Александр Иванович, как и полагалось передовому русскому врачу, боролся с суевериями. Одна из его статей (она у меня есть) была посвящена механизму появления сновидений, объяснению того, что реальные жизненные события, несколько видоизменяясь, служат основой всего, что мы видим во сне, и никаких «вещих» снов в природе быть не может. Чтобы проиллюстрировать эти соображения, Александр Иванович описывает в статье свой сон, где его, спокойно спящего в квартире, внезапно будят среди ночи, он, полураздетый, куда-то идет, слышит грохот и видит себя лежащим головой к шайке с водой в коридоре. Потом объясняет, что перед тем был на стрельбищах в горах с их страшным грохотом, а шайка с водой навеяна работой в госпитале.
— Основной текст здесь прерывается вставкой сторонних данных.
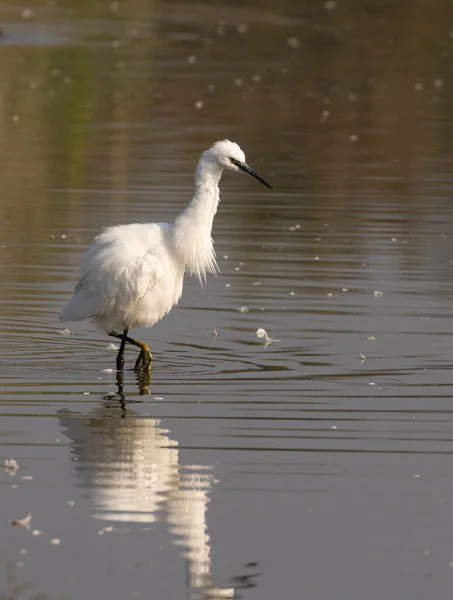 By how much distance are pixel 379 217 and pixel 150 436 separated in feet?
32.4

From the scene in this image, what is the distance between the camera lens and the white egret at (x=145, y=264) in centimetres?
1190

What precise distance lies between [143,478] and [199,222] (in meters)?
3.75

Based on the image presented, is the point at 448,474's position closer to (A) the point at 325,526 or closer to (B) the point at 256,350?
(A) the point at 325,526

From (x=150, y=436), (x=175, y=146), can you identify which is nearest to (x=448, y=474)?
(x=150, y=436)

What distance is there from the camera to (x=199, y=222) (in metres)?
12.2

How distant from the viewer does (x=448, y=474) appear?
8.98 metres

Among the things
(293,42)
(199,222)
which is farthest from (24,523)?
(293,42)

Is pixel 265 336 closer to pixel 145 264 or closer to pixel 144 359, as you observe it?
pixel 144 359

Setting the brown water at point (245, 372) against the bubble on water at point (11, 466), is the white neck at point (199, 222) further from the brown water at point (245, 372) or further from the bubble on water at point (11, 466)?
the bubble on water at point (11, 466)

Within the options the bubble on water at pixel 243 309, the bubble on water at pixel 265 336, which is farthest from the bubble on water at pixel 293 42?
the bubble on water at pixel 265 336

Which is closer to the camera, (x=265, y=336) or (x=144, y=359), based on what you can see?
(x=144, y=359)

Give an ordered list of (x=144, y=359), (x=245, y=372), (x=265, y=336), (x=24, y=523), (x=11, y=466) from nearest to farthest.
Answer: (x=24, y=523) → (x=11, y=466) → (x=245, y=372) → (x=144, y=359) → (x=265, y=336)

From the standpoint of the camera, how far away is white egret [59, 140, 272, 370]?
1190 centimetres

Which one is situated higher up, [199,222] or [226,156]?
[226,156] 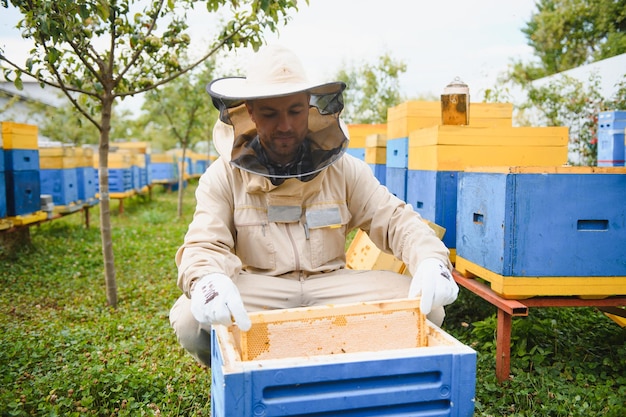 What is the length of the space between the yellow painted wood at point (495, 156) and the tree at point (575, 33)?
16218mm

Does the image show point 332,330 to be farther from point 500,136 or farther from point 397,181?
point 397,181

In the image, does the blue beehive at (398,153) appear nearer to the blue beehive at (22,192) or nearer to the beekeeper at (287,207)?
the beekeeper at (287,207)

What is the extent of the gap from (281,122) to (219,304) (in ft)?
3.00

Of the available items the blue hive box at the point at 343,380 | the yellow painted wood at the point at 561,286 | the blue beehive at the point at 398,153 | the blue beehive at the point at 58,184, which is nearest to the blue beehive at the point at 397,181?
the blue beehive at the point at 398,153

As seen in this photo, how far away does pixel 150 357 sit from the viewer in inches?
118

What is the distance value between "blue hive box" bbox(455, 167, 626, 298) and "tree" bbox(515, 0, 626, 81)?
17009 millimetres

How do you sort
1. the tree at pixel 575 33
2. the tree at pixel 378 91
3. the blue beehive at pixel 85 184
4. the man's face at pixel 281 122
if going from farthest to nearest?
the tree at pixel 575 33 → the tree at pixel 378 91 → the blue beehive at pixel 85 184 → the man's face at pixel 281 122

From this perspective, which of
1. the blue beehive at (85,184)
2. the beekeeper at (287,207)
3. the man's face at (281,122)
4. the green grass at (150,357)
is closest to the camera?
the beekeeper at (287,207)

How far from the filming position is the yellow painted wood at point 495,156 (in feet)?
10.2

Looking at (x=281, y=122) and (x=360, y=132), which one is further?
(x=360, y=132)

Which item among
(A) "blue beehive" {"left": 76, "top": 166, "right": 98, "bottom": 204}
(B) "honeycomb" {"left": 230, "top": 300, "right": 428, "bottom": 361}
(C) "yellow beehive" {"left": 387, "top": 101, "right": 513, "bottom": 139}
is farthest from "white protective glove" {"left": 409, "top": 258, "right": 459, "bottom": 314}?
(A) "blue beehive" {"left": 76, "top": 166, "right": 98, "bottom": 204}

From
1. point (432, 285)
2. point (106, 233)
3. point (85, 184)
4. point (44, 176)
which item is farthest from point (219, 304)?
point (85, 184)

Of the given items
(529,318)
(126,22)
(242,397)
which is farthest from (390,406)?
(126,22)

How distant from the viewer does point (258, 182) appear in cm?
211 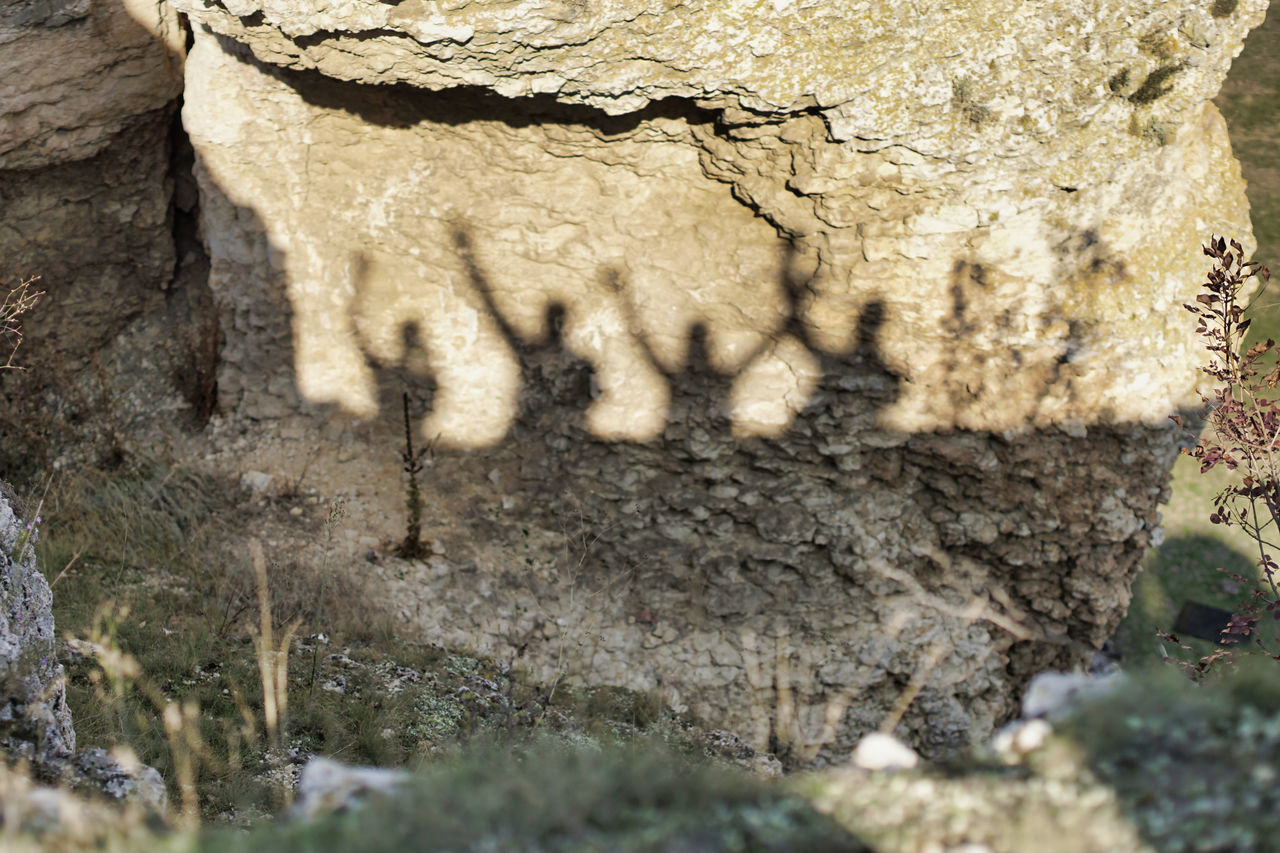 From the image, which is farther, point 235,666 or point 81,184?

Но когда пришли за его сыном, летом, субботней ночью, его разбудили грохотом и ударами прикладов в дверь черной лестницы. Он проснулся и понял, что один в квартире – жена на даче, а прислугу он отпустил на воскресенье. Генерал пошел к кухне, откуда раздавался грохот, спросил:
– Кто там? Что вам нужно?
Услышал в ответ:
– Телеграмма, открывайте.
Он был один, а за дверью явно было много народу, – и он ответил:
– Если телеграмма – принесите утром.
И тогда жандармы, совершенно ошалевшие от получасового стояния на черной лестнице и, не заботясь о том, к кому и куда они при шли (что неудивительно при такой массовости арестов), начали стрелять в дверь и застрелили Александра Ивановича. Он так и упал в коридоре головой к кухонной шайке с водой. Но мама, которая, пока я был в тюрьме, разбирала домашние архивы и материалы Министерства культуры, написала мне, что «жандармы убили Александра Ивановича не раньше осени 1907 года». Нашла она и еще какие-то материалы, но я никогда ее об этом не расспрашивал.